Petite fable affable

Il est des corniauds se prenant pour cygneaux !
Un galopin, turlupin parmi les agneaux,
Se croyait plus que tous le siens frères
Doté d’“esprit critique”. Et ce grégaire,
Critiques il ne manquait jamais d’en faire, hélas ;
Quant à l’esprit, pour ça, il n’était pas un as !

Vivant par faute d’autrui durable
Lune de fiel avec d’adorables
Vilaines en laine et bons sueurs de suint,
Il se démarqua du troupeau dès juin.
Il estimait qu’en son sein, quoi qu’on dise,
Il n’était que mensonge et balourdise,
Ou duperie, fallace et piperie !
On pense mieux par soi qu’en pairie…

Il savait par les boeufs la terre plate.
« Détail de taille ce que tu relates,
Et qui, par nos monts et vaux, m’aura échappé »
Lui fit le chien qui aimait fort japper.
 « Face au berger plus qu'au loup méfiance !
Le chèvres m’ont appris en confidence,
Que pour mieux nous soumettre, le charbon
Les fièvres, les poux et les vers, ces barbons
Inventèrent. Cessons donc d’être ouailles
De ces êtres qui nous font victuailles.
Oui, tout est suspect. Tout n’est que complots
Avec tous ces fourbes, tous ces charlots ! »

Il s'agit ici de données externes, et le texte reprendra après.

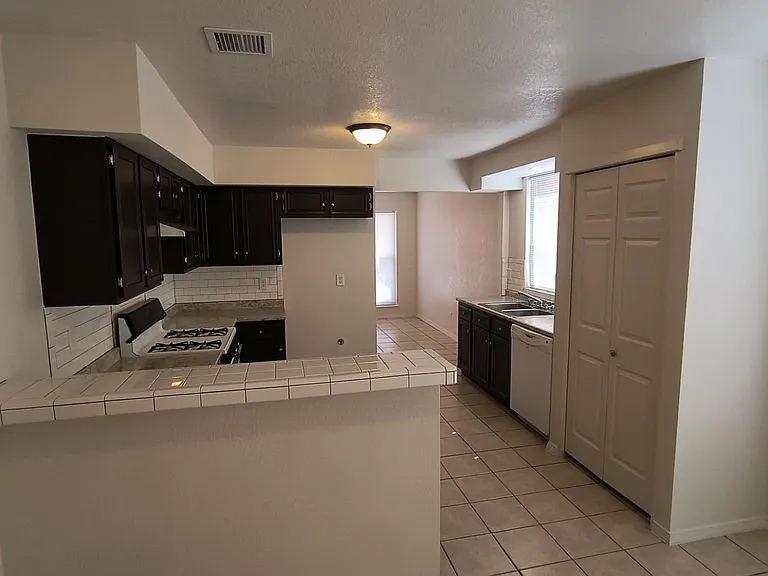 10406 Ashwood Dr — Photo 7
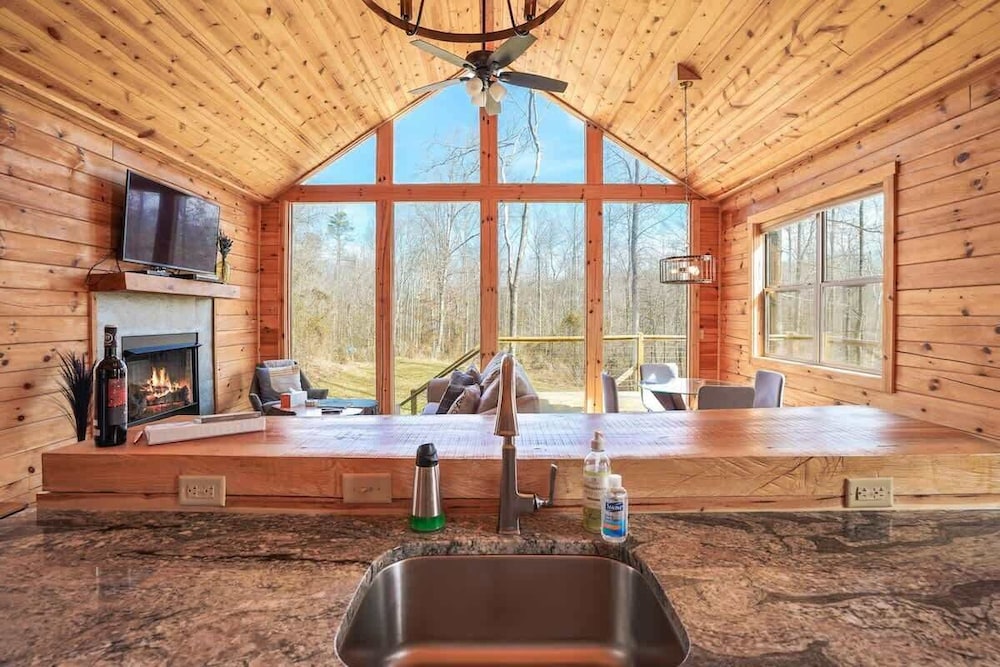 Fern Haven A Modern Take on Hocking Hills Cabins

Parce qu’on lui laissait toison sur râble,
“Changement climatique” n’était pas croyable.
Il tenait cela d’un vieux corbeau.
Et pour lui le plus gros, le plus beau
Étaient ces lamas, mis là pour happer broussailles,
Prélude au “Grand Remplacement” par ses rocailles.

« Je m’en vais, je ne vous supporte plus.
Vous ne savez qu’être ensemble au surplus !
Votre basse vue, votre entre-soi m’insupporte :
La différence, hélas, n’y ouvre aucune porte !

- Et la bêlante bêtise, Ami, encore moins !
Ceux que tu penses foutriquets m’en soient témoins,
Raisonneur ! fit le bélier. Ce qui m’embête
C’est que tu quittes ton vieux troupeau,
Pour être entendu, pour sauver ta peau…
En rejoignant un tout autre troupeau de bêtes ! »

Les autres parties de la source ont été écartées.